VAST's reducer works on the same principle: when a randomly generated program triggers a bug, shrink it until removing any further piece makes the bug disappear.
| QuickCheck | VAST | |
|---|---|---|
| Input domain | Data values (integers, lists, etc.) | Complete programs (AST nodes) |
| Properties | User-defined function properties | Three-path agreement |
| Shrinking | Value-level (remove list elements, etc.) | AST-level (remove statements, simplify expressions) |
| Integration | Library, used per-project | Built into the compiler |
Go's built-in fuzzing generates random inputs for functions and tracks code coverage to guide generation toward untested paths. VAST does not currently use coverage guidance, though it is under consideration for future phases.
VAST differs in scope: it generates complete programs, not function inputs. And it uses differential comparison instead of crash detection.
Most compiler testing tools are external to the compiler project. Csmith is a separate project from GCC. Alive2 is separate from LLVM. LangFuzz is a standalone research tool. VAST ships with the Vary compiler.
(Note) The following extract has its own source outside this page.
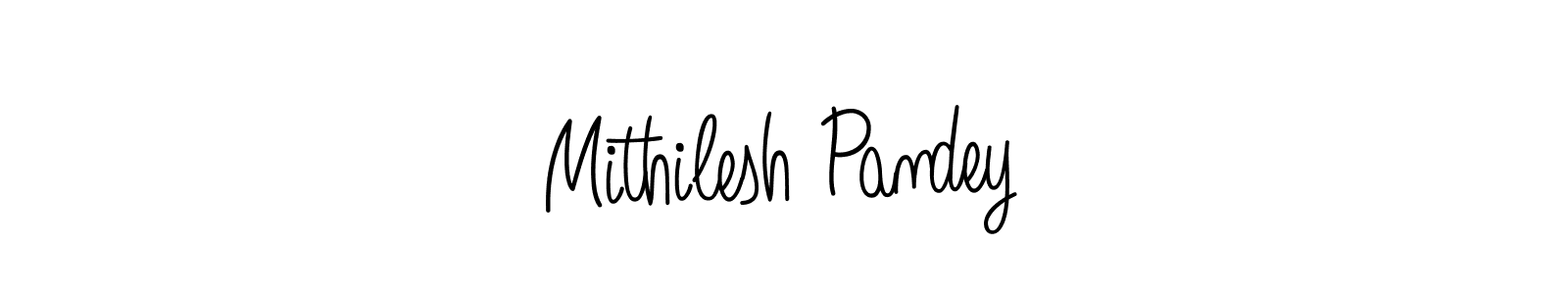 Create a beautiful signature design for name Mithilesh Pandey. With this signature (Angelique-Rose-font-FFP) fonts, you can make a handwritten signature for free. Mithilesh Pandey signature style 5 images and pictures png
This integration has practical benefits. VAST runs alongside unit tests and mutation tests in the same nightly build. The generator builds real AST nodes (the same types the parser produces), so there is no serialization gap between generation and execution. When a new language feature is added, the generator and interpreters are extended in the same change.
Most of the systems listed here focus on one technique. VAST combines differential testing, metamorphic testing, and mutation expansion in the same pipeline. Because Vary is a mutation-native language (mutation testing is built into the compiler, not bolted on), VAST can use mutation operators both to expand the program search space and to validate its own detection infrastructure. That combination is uncommon in compiler testing tools.
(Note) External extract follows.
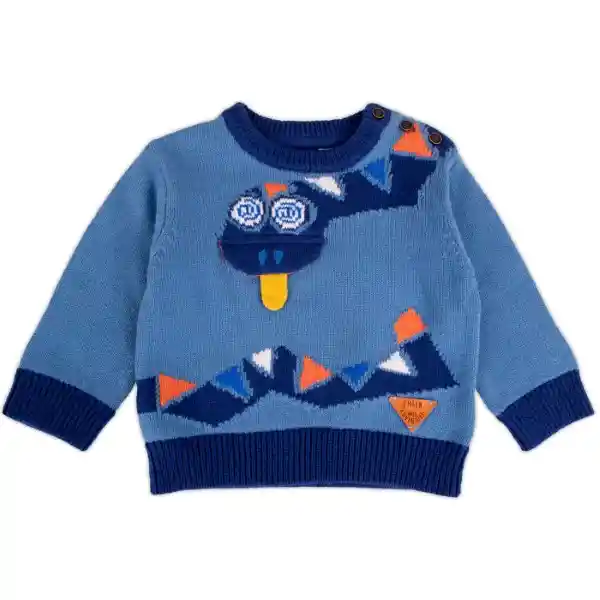 Chaleco Bebé Niño Azul Pillín Talla 18 M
VAST is not a formal verification system. It cannot prove the absence of bugs. It finds bugs by testing many programs, and its effectiveness depends on the quality and diversity of the generator.
VAST also cannot compare against an external Vary compiler. The execution paths share the same language specification but use independent implementations, so a specification-level bug (as opposed to an implementation bug) would not be caught because all paths would implement the same incorrect specification.